Anxiety is something that is floating around a lot right now and rightfully so. It’s incredibly normal to feel worried and feel anxious.
But how about when you have anxiety? When you’re pretty used to your brain freaking out. I’ve lived with anxiety for a really long time now and have found ways in the normal way of life to cope with it but those aren’t quite working right now. So I thought I’d put down a few of the ways that I, and other people I know are feeling right now.
You Don’t Want To Sound Dramatic, But You’re Absolutely Terrified
Usually, any kind of anxiety or panic spiral that leads to catastrophising can be challenged with reason but when you look around and see other people who don’t have anxiety disorders getting worked up it sounds alarm bells.
So it makes sense that your brain is on high alert and EVERYTHING feels like its on fire while you’re standing in the middle watching.
Panic Attacks Feel A Lot More Scary
Last week I had one of the worst panic attacks I’ve had in a long, long time. I was petrified that something was seriously wrong. Part of a panic attack for me includes a tight chest, trouble breathing and chest pain. Sound familiar? Exactly.
Thankfully, I had Ali to help me with this one because it wasn’t going away on its own. In the moment logic went out of the window and it just overtook my brain. Afterwards I was completely exhausted mentally and physically.
Regular Symptoms Are Harder To Deal With
It’s kind of mentioned above but a lot of the symptoms of anxiety are similar to that of the virus. So your chest feels tight, then you worry, then you get anxious, then your chest gets more tight and so it carries on.

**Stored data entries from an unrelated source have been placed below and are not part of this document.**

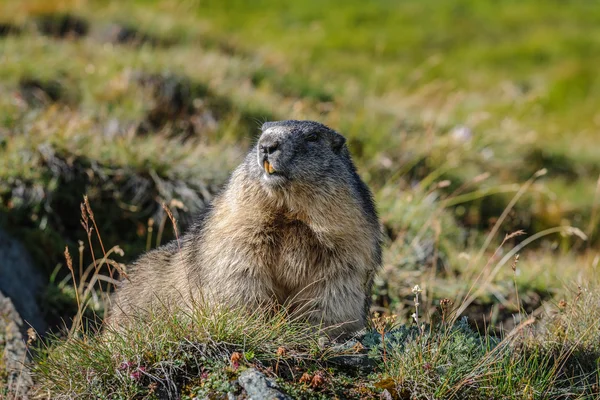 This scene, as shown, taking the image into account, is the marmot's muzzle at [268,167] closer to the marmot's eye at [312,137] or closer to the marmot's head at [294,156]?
the marmot's head at [294,156]

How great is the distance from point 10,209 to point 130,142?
1.66 meters

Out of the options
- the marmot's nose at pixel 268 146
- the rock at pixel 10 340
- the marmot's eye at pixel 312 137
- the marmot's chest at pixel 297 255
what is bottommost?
the rock at pixel 10 340

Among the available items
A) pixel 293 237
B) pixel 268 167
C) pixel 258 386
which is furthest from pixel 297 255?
pixel 258 386

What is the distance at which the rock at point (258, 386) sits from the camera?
3607 millimetres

You’re Not Quite Sure How To Manage Without A Lot Of Your Coping Strategies
I spent years working on strategies to help me when I was feeling anxious, one of the easiest was going for a cup of tea and a hug with my Mum, which is out of the window. Borrowing a dog for a walk and play? Nope. Meeting a friend to get out of my own head and space? Also no.
You Feel Alone
I completely get this because it’s easy to feel alone in all this. BUT I can promise you that you’re not.
You’re really, really not.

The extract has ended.